It has been the practice in cases of grave doubt to refer them to an independent medical specialist, that is a man high in the medical profession. These specialists have not been selected by me, but have been nominated by the President of the Royal College of Physicians, when it is a case of disease, and by the Royal College of Surgeons, when it is a surgical case. I have a panel of such specialists who will decide between the two medical authorities. I felt it was my duty to make this part and parcel of the Warrant itself always provided that the Ministry has the right to say that the review shall take place. I believe that this system of review by an independent medical specialist has the full approval of most people who have had to deal with war pensions and I am certain that it has the approval of the British Legion.

Mr. J. Griffiths

The Minister has mentioned a panel of specialists drawn up by the appropriate organisations. Is it proposed that these cases should be submitted to a single medical referee or to a board of referees?

Sir W. Womersley

It is to a single medical referee. I believe in the principle, which is not very often carried out, that the best committee is a committee of one in dealing with matters of opinion between two people.

Now I come to an important part of my proposals, the rates of pensions. It was quite clear to me from the Debates in this House and by the large correspondence I have had, that the rates in the 1939 Warrant are regarded as too low in comparison with the rates in the Warrant of 1919. It is true that the 1919 rates were based on a very high cost of living, 215 points, and it was provided that they could be reduced when the cost of living fell. The cost of living fell in the course of time, but in 1928 this House in its wisdom decided that there should be no reduction in the 1919 rates, with the proviso that they were not to be regarded as standard rates for all time for sufferers in a major war. The Chancellor of the Exchequer said some weeks ago that the Government were keeping down the cost of living by subsidies. Whether the cost of living is ever going to reach 215 points one cannot say, but the present Government feel that to leave the rates as they are inscribed in the Royal Warrant of September last is not defensible in view of the already increased cost of living. Although it has not gone up to the extent which many people thought it would, at any rate it has gone up, and the Government have decided, I am glad to say, that the rates should be increased accordingly.

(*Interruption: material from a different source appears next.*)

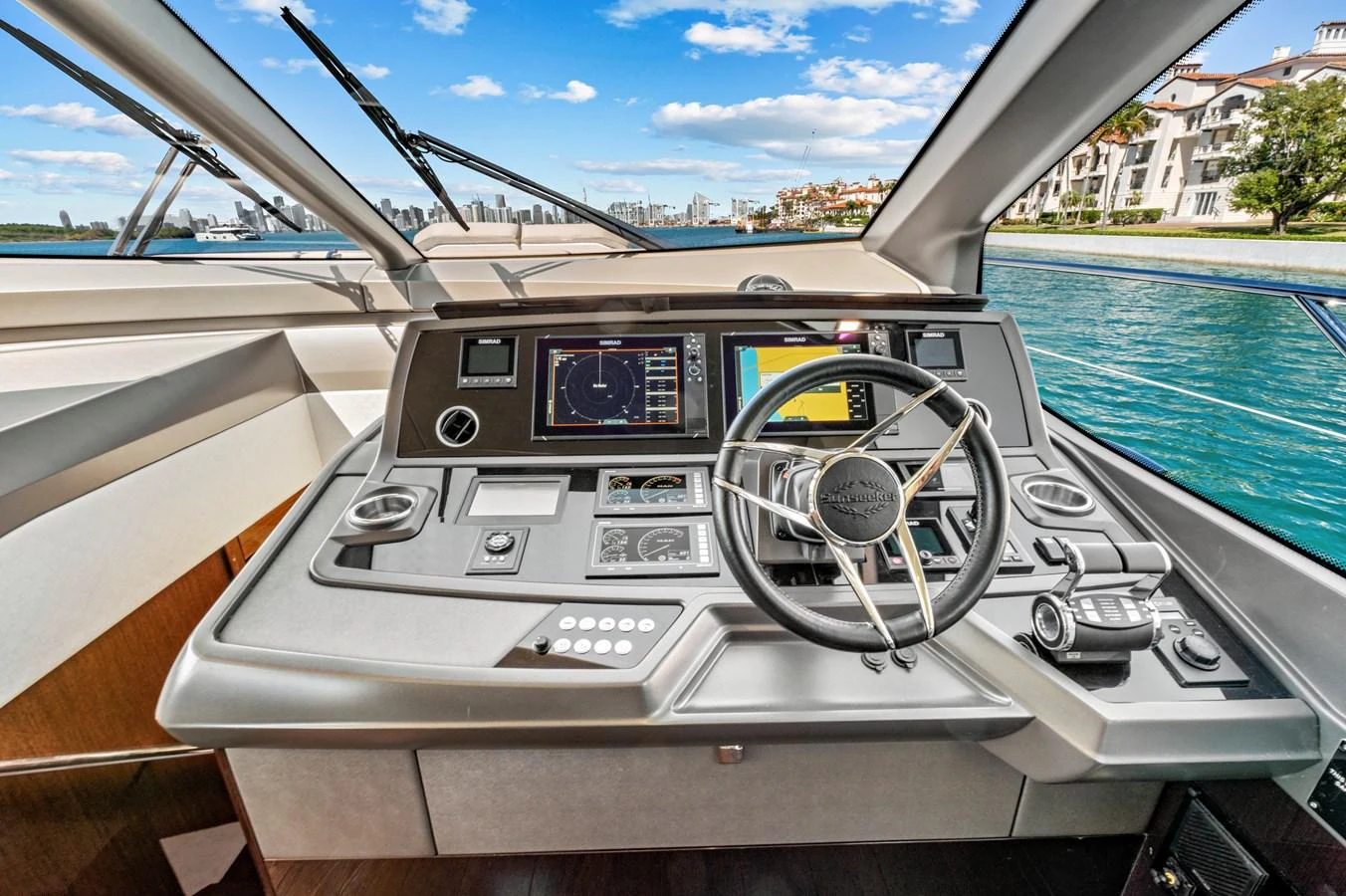 The helm station offers a sophisticated and modern control center with advanced navigation equipment and a stunning view. aboard SMITTEN Yacht for Sale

The Government have authorised me to announce to the Committee their decision to increase these rates on this basis. The new Warrant will give to a totally disabled private soldier 34s. 2d. instead of 32s. 6d.—the 2d. comes in because it is for the convenience of the Department, although it is a little beyond the percentage increase. But that is not the most important concession. Hon. Members who are members of my Advisory Committee will remember that in the case of the allowances to a disabled man's wife and children it has not been a question of following these percentage rates at all. We have departed from them and have included in the Royal Warrant figures for peace-time allowances from the Army, Navy and Air Force. All these rates have been brought right up to the percentage figures, and in the case of the wife of a disabled man instead of 5s. you get 8s. 4d., and instead of 5s. for the first child and 3s. 4d. for the second and all other children you now get 6s. 3d. for the first child and 5s. for the second and all other children. I think that is a very substantial increase.

Major Milner (Leeds, South-East)

Will the Minister explain a little further what is the basis? Is it the cost of living or is some other factor involved?

Sir W. Womersley

We have taken it on the cost of living figure at the end of May this year.

Mr. J. Griffiths

Will the Minister give us the figure?

Sir W. Womersley

It is 181, as compared with 215 in 1919. All the other rates will, where necessary, be correspondingly increased.

Captain Sir Ian Fraser (Lonsdale)

Is it now stabilised at these new rates? Does it follow that as the cost of living rises this new figure will rise?

Sir W. Womersley

It is not intended to stabilise the figure. These rates will be liable to adjustment in accordance with the provisions made for this purpose in the 1919 Warrant, where provision was made that if there was an average increase or decrease for a year pensions would be adjusted. It is intended that these rates should follow the 1919 Warrant in that regard. I must point out that for administrative as well as financial reasons any adjustment can only be undertaken after sufficient evidence has been gained to make it clear that it is called for by a rise in the cost of living of a prolonged character. Hon. Members will know that pension books are issued for a certain period for a year or two years. What I should like to do is to make it possible that any increase in pension should coincide with the issue of the new book. In dealing with the present cases I am not going to do that because, fortunately, we have not so many cases to deal with as we anticipated after nine or 10 months of war. We are going to call the pension books in and to issue new ones without any delay. In the ordinary way breaking into the middle of a pension book would create difficulty, but I can assure hon. Members that that difficulty will be dealt with and reviewed from time to time if the cost of living increases to any substantial extent.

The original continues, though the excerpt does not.